MLB commissioner Rob Manfred on Pete Rose: 'I got another application. I'll deal with it'

Pete Rose holds his place marker during a ceremony to honor the 1976 World Series champion Reds in Cincinnati on June 24, 2016. Credit: AP/John Minchillo
ORLANDO, Fla. — Pete Rose probably shouldn’t wait by the phone.
Rose, permanently banned from baseball by then-commissioner A. Bartlett Giamatti in 1989, earlier this week sent a petition to commissioner Rob Manfred for reinstatement.
“I haven’t even read the application for reinstatement for I’m sure reasons that has more to do with you folks than me,” Manfred said at the end of the owners meetings at the Waldorf Astoria Orlando. “They decided to send it during the owners meetings, so I haven’t even had a chance to read it so I can’t really give you a reaction to it. I just don’t know what he said.”
According to ESPN, what Rose and his lawyers said in the 20-page petition is that the all-time hits leader’s ban is “vastly disproportionate” compared with the scandals that have rocked the sport in the time that he’s been out of baseball. The petition used the recent Astros sign-stealing scandal — in which no players were disciplined — and the vast use of performance-enhancing drugs during the so-called Steroid Era as examples.

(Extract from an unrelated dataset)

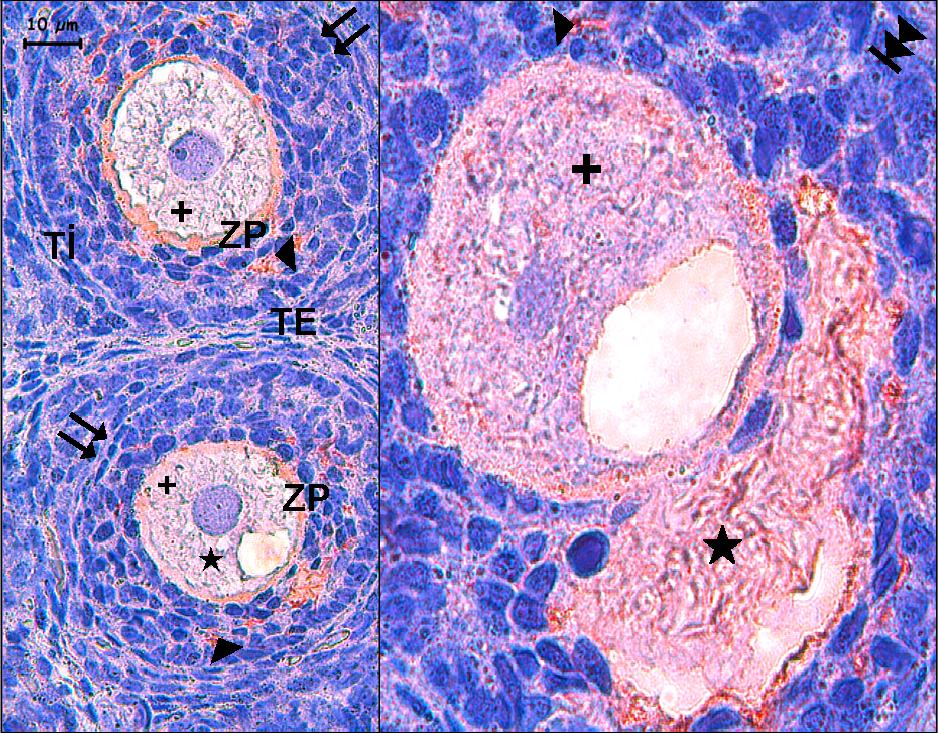 çekiyor; primordiyal follikül ( ), tek katlı ( ) ve çok katlı (,) primer follikül ve antral follikül ( )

“There cannot be one set of rules for Mr. Rose and another for everyone else," the petition stated, according to ESPN. “No objective standard or categorization of the rules violations committed by Mr. Rose can distinguish his violations from those that have incurred substantially less severe penalties from Major League Baseball."
Manfred rejected Rose’s last petition for reinstatement in 2015 as his predecessor, Bud Selig, did before that.
“I think that the process that baseball’s generally adhered to is if you’re on that list, you have the right, periodically, to apply for reinstatement,” Manfred said, not at all sounding particularly enthusiastic. “I got another application. I’ll deal with it.”
As long as Rose, 78, is on the ineligible list, he cannot appear on the ballot for consideration for induction into the Baseball Hall of Fame, a decision made by the Hall with Rose in mind in 1991.